More former students added in lawsuit against Acker Jr., School Board

Published 11:40 am Tuesday, December 30, 2014

More former students have been added to a lawsuit brought against former Alabaster teacher Daniel Acker Jr., pictured. (File)

More former students have been added to a lawsuit brought against former Alabaster teacher Daniel Acker Jr., pictured. (File)

By NEAL WAGNER / Managing Editor

BIRMINGHAM – Two more former students have been added to a lawsuit against a longtime Alabaster teacher who pleaded guilty to sexually abusing more than 20 girls during his teaching tenure, according to federal court documents.

In an order issued on Dec. 11, U.S. District Court Judge Virginia Emerson Hopkins agreed to accept the two additional complainants in the lawsuit, which was brought against Daniel Acker Jr. and the Shelby County Board of Education in February.

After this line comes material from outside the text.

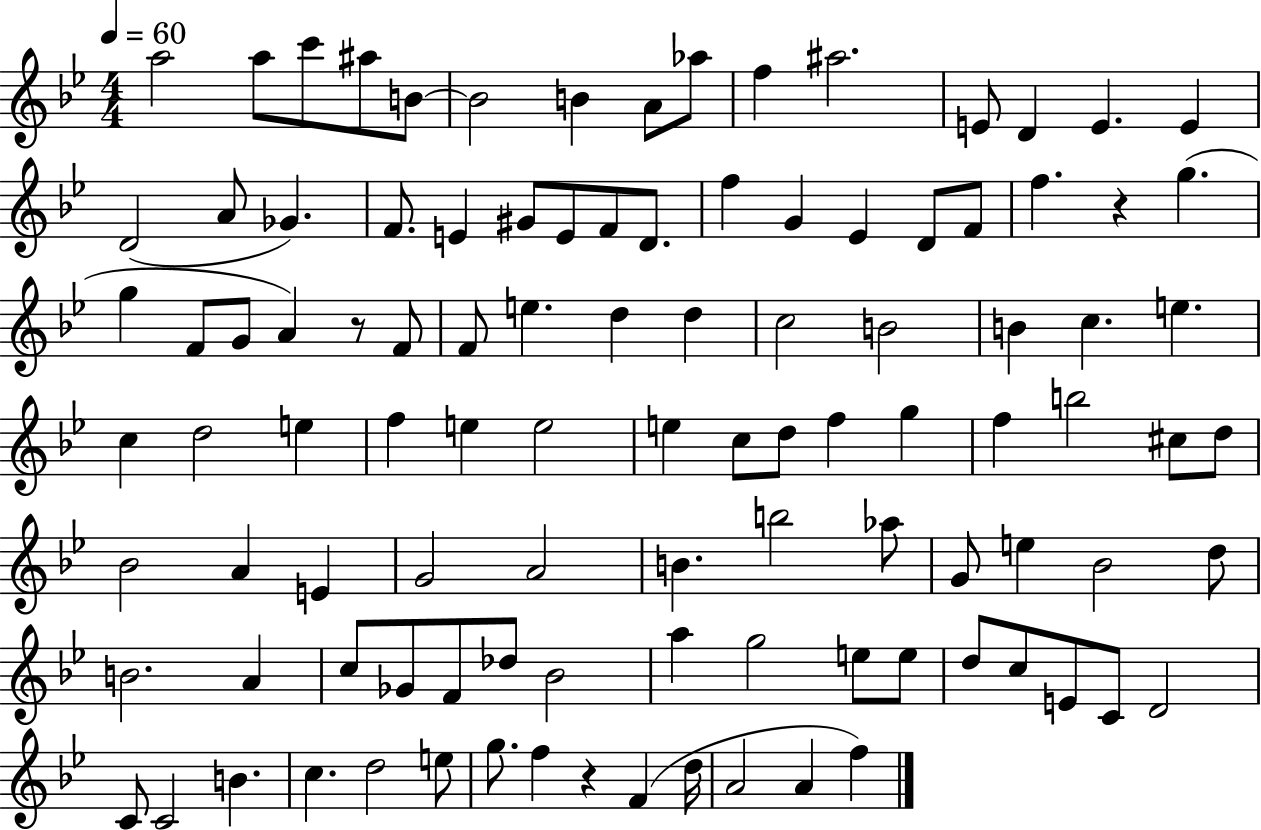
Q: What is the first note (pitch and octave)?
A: A5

Acker was sentenced to 17 years in prison in May 2012 after he pleaded guilty to eight counts of sexually abusing underage girls during his more than 20-year teaching tenure in Alabaster.

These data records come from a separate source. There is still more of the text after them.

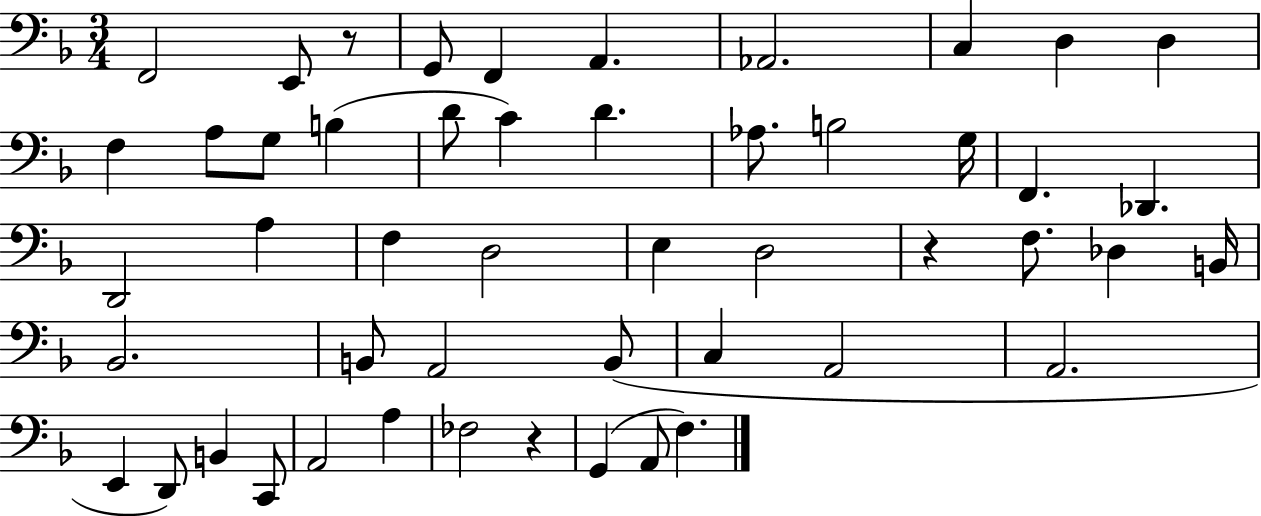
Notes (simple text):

F2/h E2/e R/e G2/e F2/q A2/q. Ab2/h. C3/q D3/q D3/q F3/q A3/e G3/e B3/q D4/e C4/q D4/q. Ab3/e. B3/h G3/s F2/q. Db2/q. D2/h A3/q F3/q D3/h E3/q D3/h R/q F3/e. Db3/q B2/s Bb2/h. B2/e A2/h B2/e C3/q A2/h A2/h. E2/q D2/e B2/q C2/e A2/h A3/q FES3/h R/q G2/q A2/e F3/q.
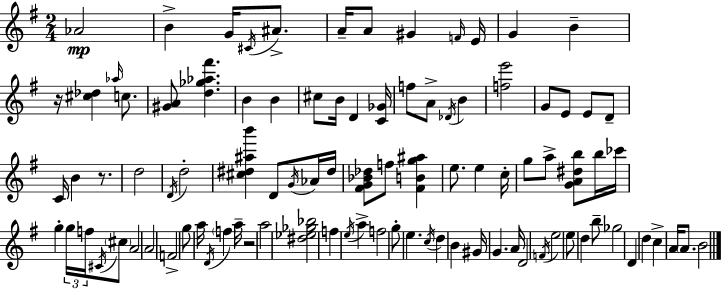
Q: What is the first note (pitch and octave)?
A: Ab4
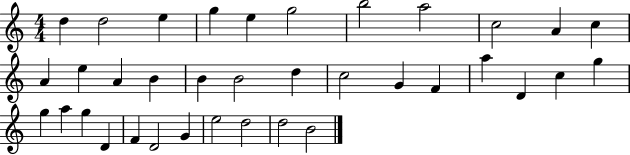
D5/q D5/h E5/q G5/q E5/q G5/h B5/h A5/h C5/h A4/q C5/q A4/q E5/q A4/q B4/q B4/q B4/h D5/q C5/h G4/q F4/q A5/q D4/q C5/q G5/q G5/q A5/q G5/q D4/q F4/q D4/h G4/q E5/h D5/h D5/h B4/h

According to the amended complaint filed in U.S. District Court, the two new anonymous plaintiffs were students in Alabaster when Acker was teaching in the city. With the addition of the two former students, there are now six plaintiffs named in the lawsuit against Acker and the county School Board.

The two new plaintiffs were added about three months after Hopkins denied a request by the original plaintiffs’ attorney to grant the case class-action status, opening it to “Any current or former female student during the time period that Dan Acker (Jr.) worked for (the) Shelby County School Board who was either injured, sexually harassed, abused or molested by Dan Acker (Jr.), or who witnessed such conduct or who was exposed to a sexually hostile education environment through Acker’s conduct.”

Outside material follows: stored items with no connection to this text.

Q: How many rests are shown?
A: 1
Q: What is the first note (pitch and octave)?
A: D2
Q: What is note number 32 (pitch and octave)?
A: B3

Hopkins denied the class-action request, claiming the victims sought in the class-action request did not have enough in common to join into a single lawsuit.

Hopkins said Acker’s victims can still file separate lawsuits “outside of the class-action format.”

“This is a grave matter, and the plaintiffs describe serious accusations against the defendants,” Hopkins wrote. “Nothing in the court’s analysis is intended to diminish these facts or to question the substantive merits of their claims.

According to court documents, more plaintiffs can be added to the lawsuit through Feb. 2, 2015. As of Dec. 30, no future court hearings had been scheduled in the lawsuit.